In 2015, Arrow Video released a Region B special edition of Tenebrae. Although their disc features a longer list of supplements, what Synapse's disc lacks in volume, it makes up for in length. (Plus, the extras are different across the board -- hardcore fans will likely end up getting both discs.)
Although the option is not presented from the main menu, the first supplement is the ability to watch the film with English inserts and credits, which have been scanned and restored by Synapse at 3K resolution. This includes not just the opening and closing credits, but also shots of the letters that Peter Neal receives, and other on-screen documents.
Aside from the alternate version of the film, the first major extra is an audio commentary by film critic and author Maitland McDonagh, whose work includes a seminal book, Broken Mirrors/Broken Minds, about Argento's work. It's a decent track, touching on the way the themes of Tenebrae both fit within Argento's career and where they can be seen in his other work, or how his work led up to Tenebrae. The only downside is a lengthy portion in the middle where McDonagh gets a bit distracted explaining what's appearing on screen. (It also includes her delightful statement that labeling "plot holes" is "the last resort of the asshole.")
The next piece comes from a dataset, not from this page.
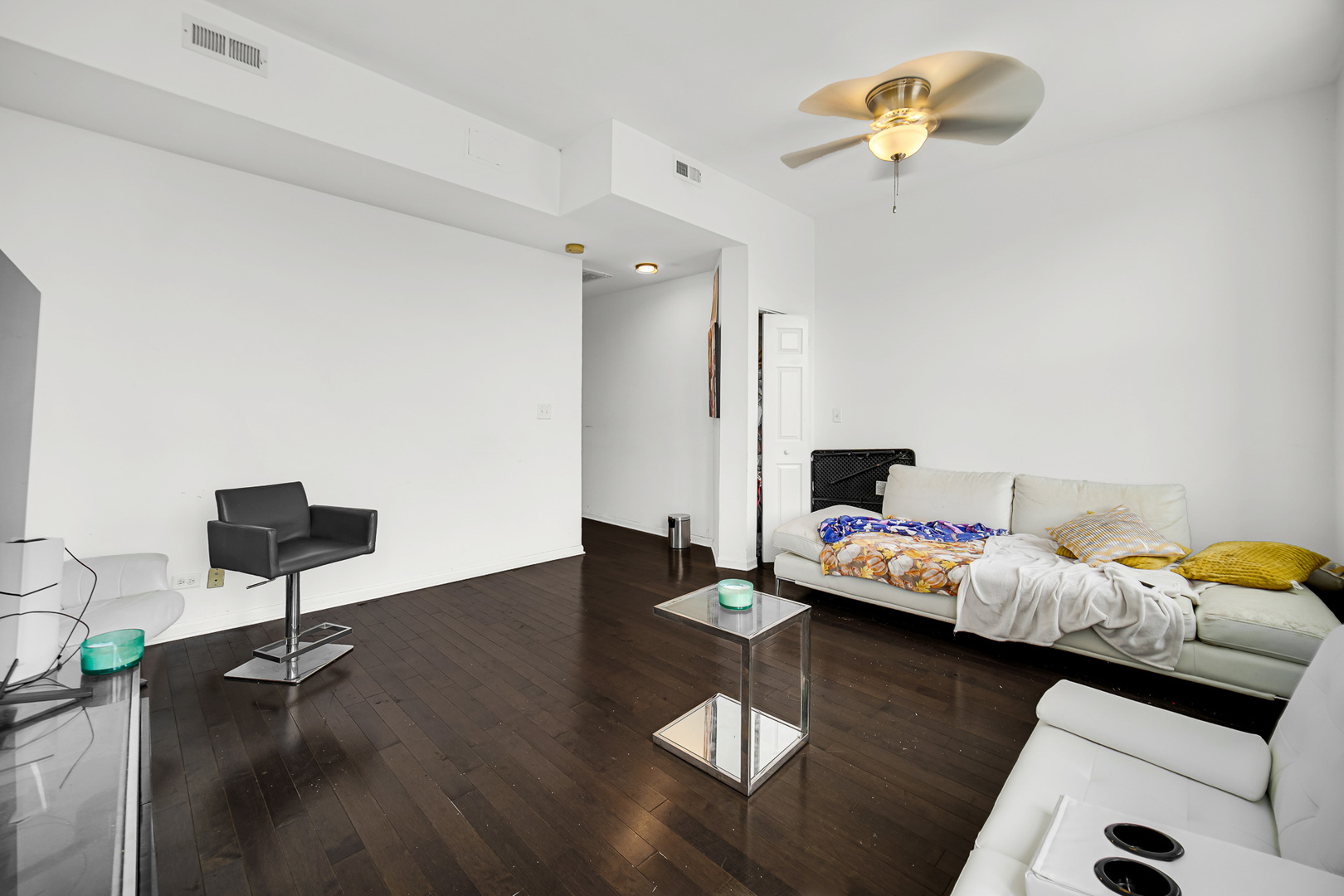 4250 S Cottage Grove Avenue #2S, Chicago, IL 60653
The second major extra here is "Yellow Fever: The Rise and Fall of the Giallo" (89:24), a historical overview and analysis of certain genre films directed by Calum Waddell. As someone who is relatively unfamiliar with Italian horror, the documentary offers up lots of interesting insight, including the roots of giallo in pulp crime novels and film noir, the evolution of Argento's themes and style, and a surprisingly robust chunk just on Tenebrae (even if it is relevant here). The doc features interviews from a wide range of critics (McDonagh, Alan Jones, Kim Newman, etc.) and filmmakers (including Argento, Umberto Lenzi, Ruggero Deodato, etc.), but the area where it comes up short is archival footage and images. The still imagery on screen, aside from the clean and straightforward presentation of movie posters, complete with a credit or two, feels sloppy and haphazard, including screencaps from Blu-ray transfers, low-res images crawling with artifacts, and a sense of laziness in the way they're animated. Waddell is also limited in terms of what kind of footage can be included, relying on movie trailers (with the exception of Tenebrae itself). The doc can also feel slightly unfocused at times, with a train-of-thought air to it, although just when I began to get really frustrated, the film snapped back into focus around Argento's work.
The disc is rounded out by some archival supplements, including an alternate opening credits sequence (2:15), the U.S. Credits Sequence (1:53), bearing the title Unsane, and two theatrical trailers, for the International and Japanese releases.
Tenebrae is both a stylish and exciting horror film and a fairly delightful rebuke by Argento that takes the complaints usually lobbed at horror directors and lobs them right back at them. Synapse's Blu-ray edition is also quite impressive, featuring a fantastic presentation of the film and some decent extras. Highly recommended.